You do not have the right to eliminate yourself. You do not belong to you. You belong to the Universe. You and all men are here for the sake of other men.
It was at this point that Fuller realized he had faith—faith in what he called “the anticipatory intellectual wisdom which we may call God.” This inspired the conception of his “lifelong experiment,” which was “to discover what the little, penniless, unknown individual might be able to do effectively on behalf of all humanity that could not be accomplished by great nations, great religions or private enterprise.” Specifically, his mission was to plan the survival of humanity. He started compiling his “Chronofile,” a vast scrapbook that included a daily diary, recording all his ideas, copies of all his incoming and outgoing correspondence, newspaper clippings, notes and sketches, even his dry-cleaning bills. In it, he called himself Guinea Pig B (B for Bucky). By the end of his “lifelong experiment,” this “lab notebook” took up 270 feet of shelving. Fuller claimed, with some justification, that he had the most-documented life of any human being in history.
After his mystical experience, he locked himself away for a whole year to read and think. He emerged convinced that the secret to saving the world was better design. His axiom was “maximum advantage from minimal energy,” a principle he observed throughout the natural world in the structure of plants and animals. He started with housing: He already had some experience in construction and knew that cheap, efficient “machines for living” (as he called them) were needed all over the world. Ignoring thousands of years of building tradition, he went back to first principles. What if he based house design on the human frame, or a tree, hanging everything off a trunk or backbone—a system that used gravity instead of fighting it? And what if he made it from the lightest materials, like those already being used in aircraft manufacture? The result, a prototype for which was built in 1929, was the first entirely self-sufficient, portable house. Looking like an aluminum yurt, it was suspended on a central pole, ran on a diesel generator, and recycled its own water so it didn’t need plumbing. And it was light enough to be airlifted anywhere it was needed. It was called the Dymaxion house, from a contraction of “dynamic,” “maximum,” and “tension.” It slept four and was priced at $1,500 (about $40,000 today), which meant it could be marketed as “a house that costs no more than a car.” Although it never went into mass production, it put Fuller’s name—and Dymaxion’s—on the map.
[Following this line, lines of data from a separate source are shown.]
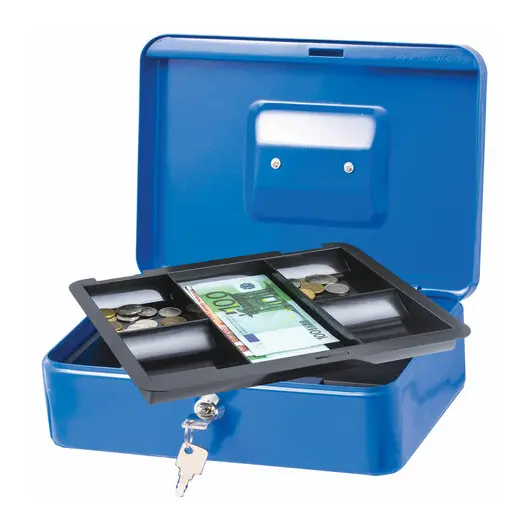 Ящик для денег, ценностей, документов, печатей, 90х180х250 мм, ключевой замок, синий, BRAUBERG, 290335, фото 6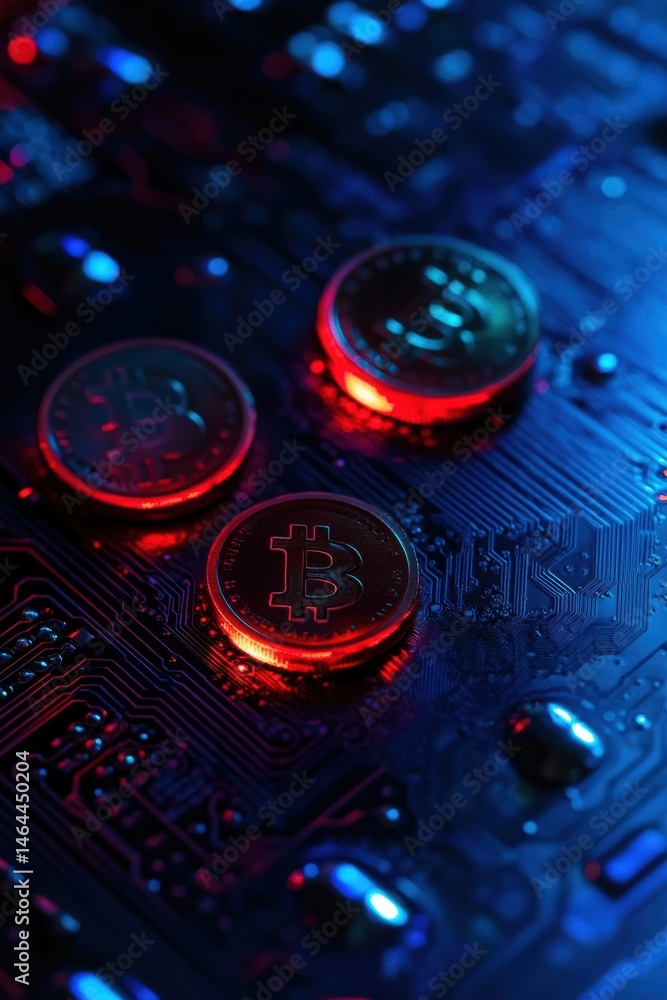 Poster cryptocurrency coins on a circuit board glowing in neon colors, representing digital currency techno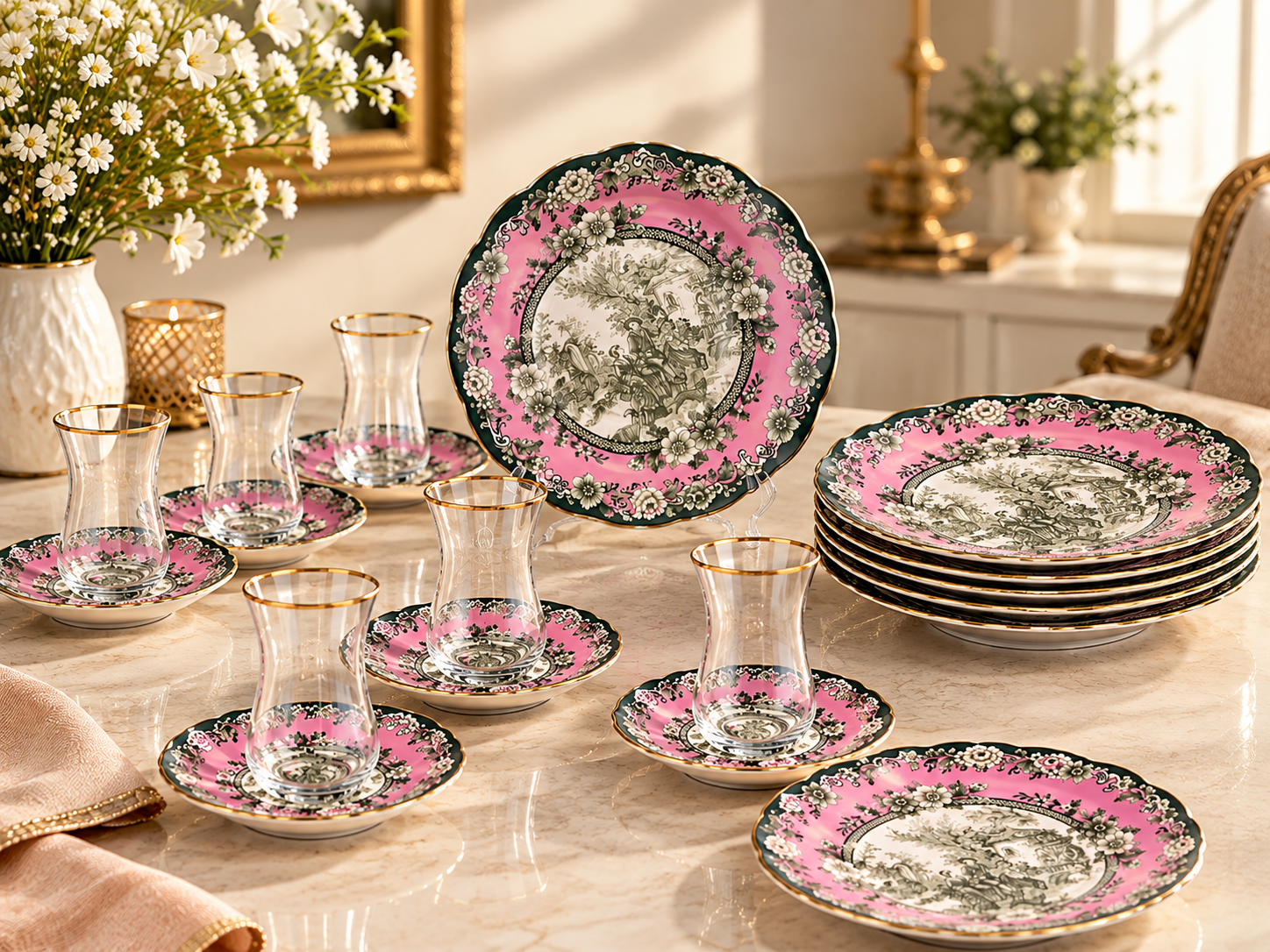 6 Kişilik 18 Parça Vintage Pembe Çay ve Pasta Seti | Çay Bardağı, Çay Tabağı ve Pasta Tabağı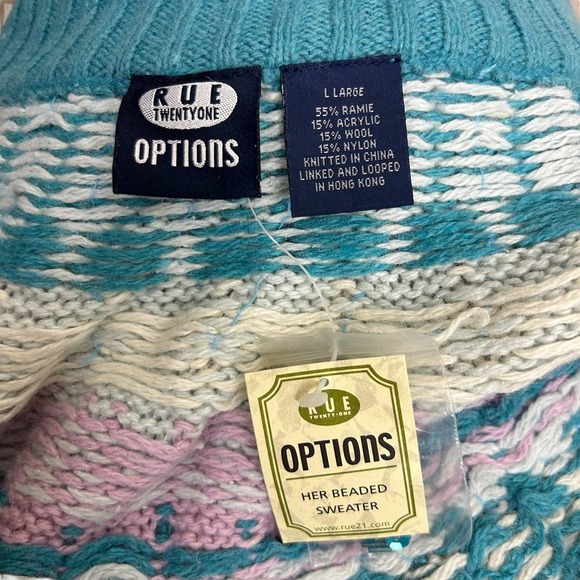 Y2K Deadstock Beaded Pastel Fair Isle Turtleneck Zip Front Sweater L - Picture 5 of 5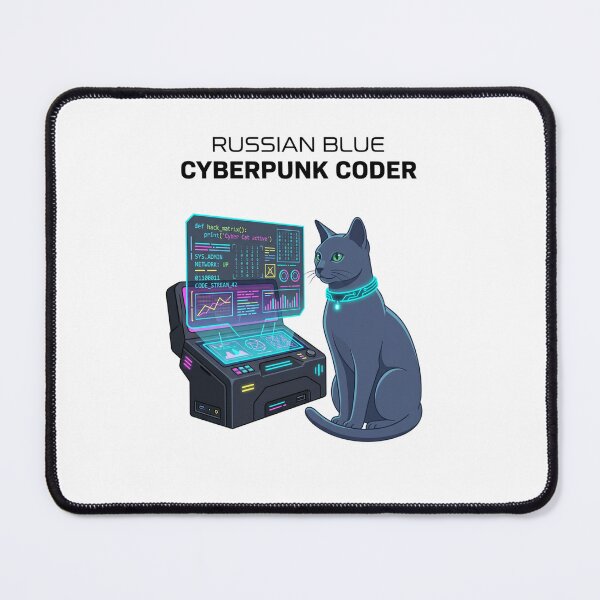Item preview, Russian Blue Cyberpunk Coder Holographic Tech Terminal designed and sold by PictoVibe.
Over the next two decades, Fuller created Dymaxion cars and Dymaxion bathrooms and, especially, the Dymaxion globe. This was an atlas of the world projected onto an icosahedron (a solid geometrical figure with twenty sides, each of which is an equilateral triangle) rather than a sphere. It had no up or down, south or north, and it could be unfolded into a flat map of the world. Unfolded one way it showed how the world’s land masses join together; the other way did the same thing for the oceans. Laid out flat either way, it was a much more accurate representation of the world than traditional atlases, but being composed of twenty triangles, it was startlingly unfamiliar to look at.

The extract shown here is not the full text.